# Anyone dosing Flourish iron daily?



## banderbe (Nov 17, 2005)

Wondering what a typical daily dose is for Flourish iron.

There's a thread on this in the Seachem forum.. and according to their instructions I can divide the dose on the bottle by 7.

Which means I should be dosing for my 110L about 0.4 ml of flourish Iron daily.

I have seen some others like on the poll I posted about who doses iron saying that they dose 1 ml per 10 gallons daily.

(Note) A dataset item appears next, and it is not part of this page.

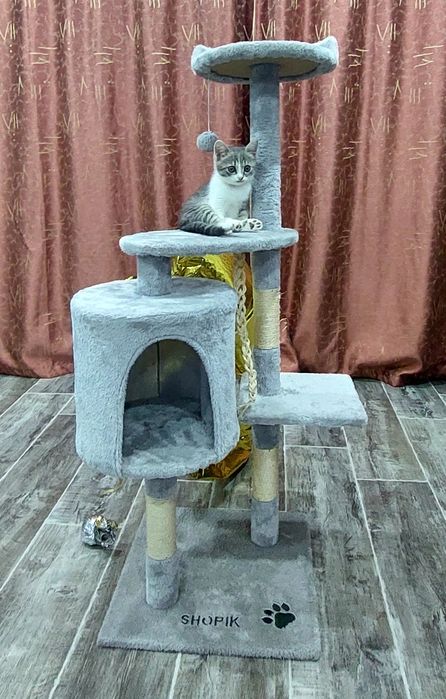 Когтеточка 10 000т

So, I would like more feedback from those who dose flourish iron daily or every other day. (I ask about daily because I use a modified form of EI that uses daily dosing).

Thanks!

Update: Apparently the dosing on the bottle is for daily dosing even though it doesn't actually say that. I found the suggested dosing regime on the Seachem website. Aaron's dosing regime then for Flourish iron would be right on the nose. 1 ml per day per 10 gallons.


----------



## AaronT (Apr 26, 2004)

I dose 1 ml per day per 10 gallons of tank. I find I get much better growth with it than just adding regular Flourish comprehensive. This is with no ill effects to any fauna.


----------



## Salt (Apr 5, 2005)

I do the same. 42 gallon hex, I dose 4 mL per day. According to the bottle that's around .1 ppm. I did Seachem's Iron test. I did the test, got 0. I dosed Flourish Iron, waited an hour, and did the test again, got .1. Waited 24 hours, did the test again, got 0.

No problems with plants or fish.


----------



## Cavan Allen (Jul 22, 2004)

I add 9mls per day to my 40 breeder along with an equal amount of regular Flourish. If I'm not growing any iron hogs like some Ludwigias, I add a little less of each. No algae other than an occasional glass cleaning and flora and fauna are fine (including shrimp).


----------



## nailalc (Mar 17, 2006)

I add 5 mL Iron every day to my 55 gallon, no adverse effects. Really brings out the reds in the plants.


----------



## BryceM (Nov 6, 2005)

I add 5 ml every other day to my 46. If I get lazy the stemmies show it pretty quickly.


----------